Chieftain of the Huns (co-rulership)
- Reign: 420–430
- Predecessor: Charaton
- Successor: Rugila
- Born: Late 4th century or early 5th century
- Died: 430 Rhineland
- Father: Uldin

= Octar =

Octar or Ouptaros was a Hunnic ruler. He ruled in dual kingship with his brother Rugila, possibly with a geographical division, ruling the Western Huns while his brother ruled the Eastern Huns.

==Etymology==
The name is recorded in two variants, Greek Ούπταρος (Ouptaros), and Latin Octar. The change from -ct- to -pt- is characteristic of Balkan Latin. Otto J. Maenchen-Helfen considered the name to be of unknown origin. Omeljan Pritsak derived the name from Turko-Mongolic word *öktem (strong, brave, imperious; proud, boastful; pride) and verb ökte- / oktä- (to encourage).
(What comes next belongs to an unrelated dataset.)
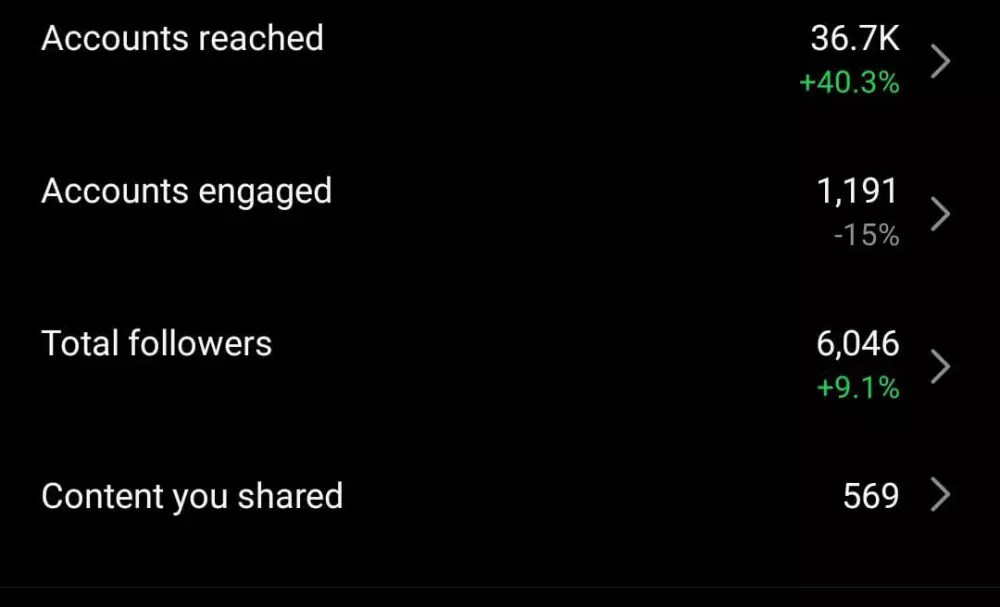 إدارة حسابات التواصل الإجتماعي لمدة شهر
He argued that the deverbal Turkic-Mongolian suffix m was replaced in Turkic by z while in Mongolian by ri. The reconstructed form is appellative *öktä-r.

==History==
Octar ruled along with his brother Rugila as reported by Jordanes in his Getica: "...Mundzucus, whose brothers were Octar and Ruas, who were supposed to have been kings before Attila, although not altogether of the same [territories] as he". Their brother Mundzuk was the father of Attila, but he was not a supreme ruler of the Huns. According to Priscus their fourth brother Oebarsius was still alive in 448 AD. Their ancestors and relation with previous rulers Uldin and Charaton are unknown.
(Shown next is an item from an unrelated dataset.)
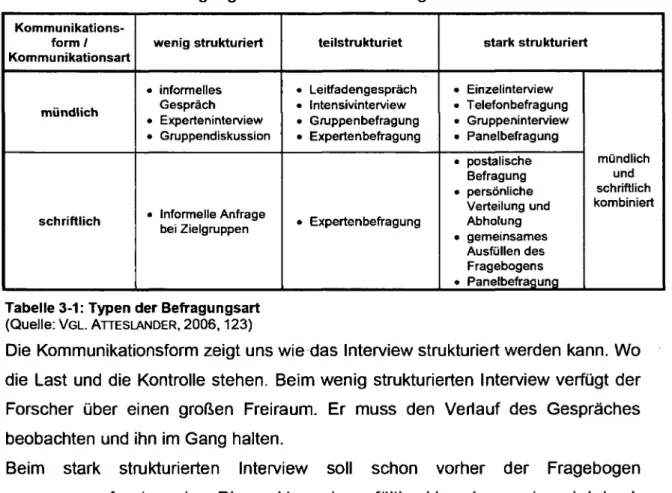 Tabelle 3-1: Typen der Befragungsart  (Quelle:  VGL. ATTESLANDER,  2006,123)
He ruled with his brother in dual kingship, possibly a geographical division where Rugila ruled over Eastern Huns while Octar over Western Huns, possibly like Attila and Bleda.

According to Socrates of Constantinople, Octar, identified with Ouptaros, died in 430 near the Rhine, "[f]or the king of the Huns, Uptaros by name, having burst asunder in the night from surfeit, the Burgundians attacked that [the Huns of Uptaros] people then without a leader; and although few in numbers and their opponents many, they obtained victory".

==Sources==
- Maenchen-Helfen, Otto J. (1973). "The World of the Huns: Studies in Their History and Culture"
- Pritsak, Omeljan (1982). "The Hunnic Language of the Attila Clan"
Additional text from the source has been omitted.